# Algebraic inequality

• Jun 16th 2008, 07:17 PM
mathwizard
Algebraic inequality
If \$\displaystyle a, b, c\$ are real numbers and \$\displaystyle a + b + c = 0\$, prove that \$\displaystyle -1/2 \le ab + bc + ac \le 1\$.

EDIT: Damned typo! The upper bound should be \$\displaystyle 1\$ instead of \$\displaystyle -1\$!
• Jun 16th 2008, 07:31 PM
Isomorphism
Quote:

Originally Posted by mathwizard
If \$\displaystyle a, b, c\$ are real numbers and \$\displaystyle a + b + c = 0\$, prove that \$\displaystyle -1/2 \le ab + bc + ac \le -1\$.

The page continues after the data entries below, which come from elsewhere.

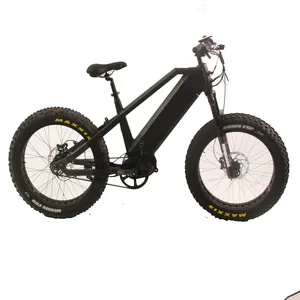 26英寸带5个内齿轮轮毂48v 1000w皮带驱动电动自行车带daul电池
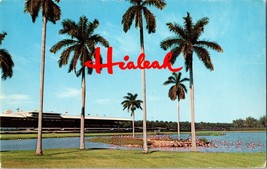 Vtg Postcard Hialeah, Beautiful infield lake and Flamingos, Miami, Fla. - £4.58 GBP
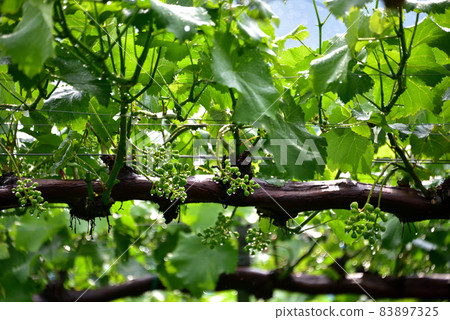 Still blue grape shelf 83897325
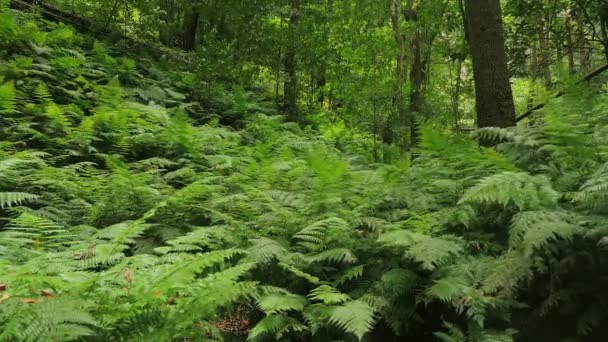 Suggestieve portret van weelderig loof bewogen door de wind in de jungle — Stockvideo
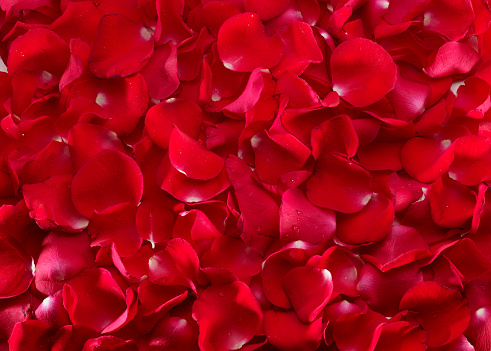 The background is rose petals, high quality images.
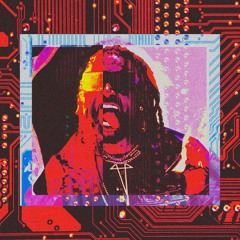 Playboi Carti - Never2much Prod. Avaaj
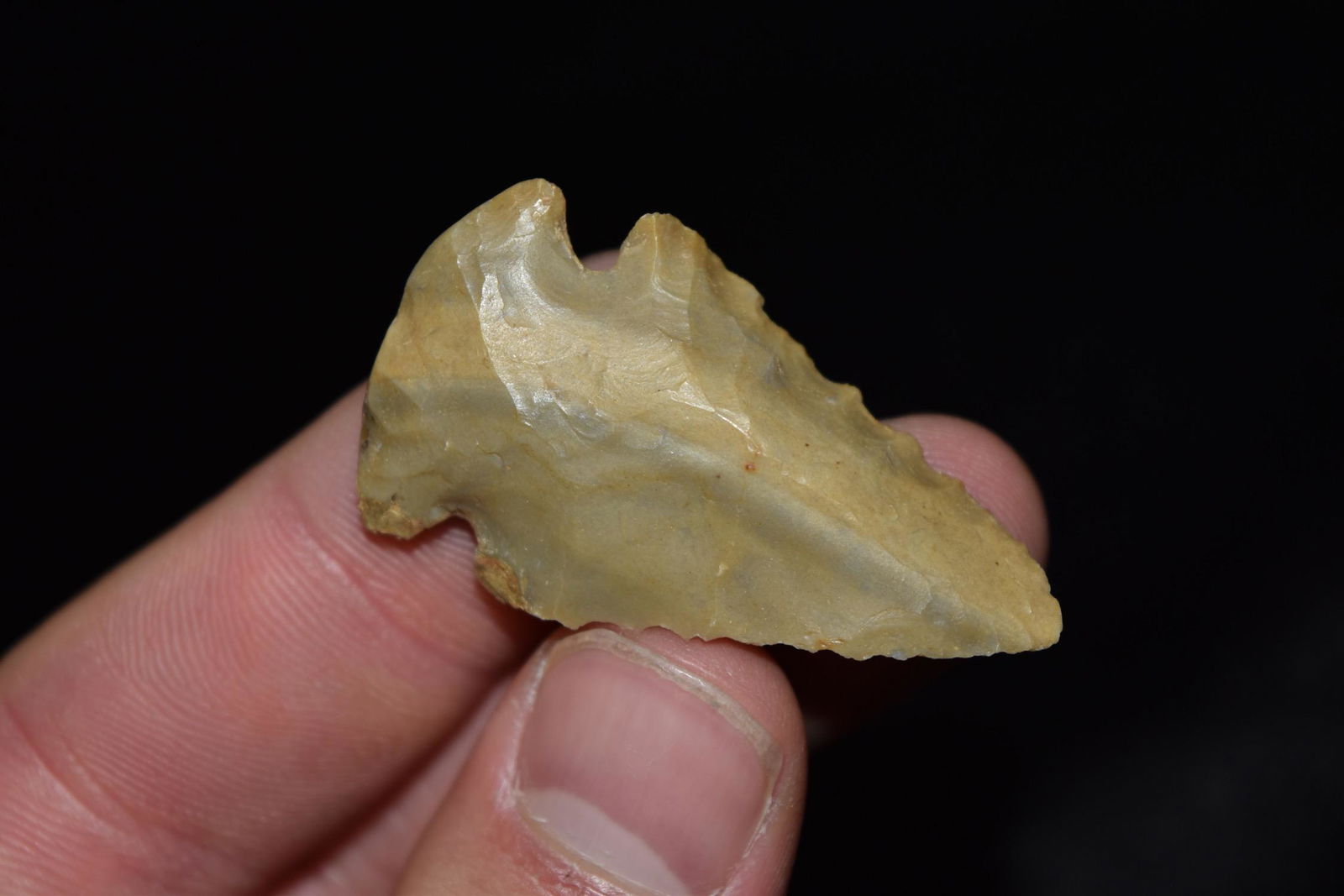 1 3/4" Dovetail Point, Jersey Co, Illinois (1 of 5)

\$\displaystyle a + b + c = 0 \Rightarrow a^2 + b^2 + c^2 = -2(ab+bc+ca)\$

WE have to prove \$\displaystyle -1/2 \le ab + bc + ac \le -1 \Leftrightarrow 1 \ge -2(ab + bc + ac) \ge 2 \Leftrightarrow 1 \ge a^2 + b^2 + c^2 \ge 2\$

But this is false, because we choose a= 1.03, b = -0.47, c = -0.56, a+b+c = 0, but \$\displaystyle a^2 + b^2 + c^2 = 1.594 < 2\$
• Jun 17th 2008, 01:28 AM
Moo
Hello,

Quote:

Originally Posted by Isomorphism
\$\displaystyle a + b + c = 0 \Rightarrow a^2 + b^2 + c^2 = -2(ab+bc+ca)\$

WE have to prove \$\displaystyle -1/2 \le ab + bc + ac \le -1 \Leftrightarrow 1 \ge -2(ab + bc + ac) \ge 2 \Leftrightarrow 1 \ge a^2 + b^2 + c^2 \ge 2\$

But this is false, because we choose a= 1.03, b = -0.47, c = -0.56, a+b+c = 0, but \$\displaystyle a^2 + b^2 + c^2 = 1.594 < 2\$

This is false because you can't have a number which is both superior to 2 and inferior to 1 (Rofl)

Like in #1, you can't have something that is both greater than -1/2 and smaller than -1.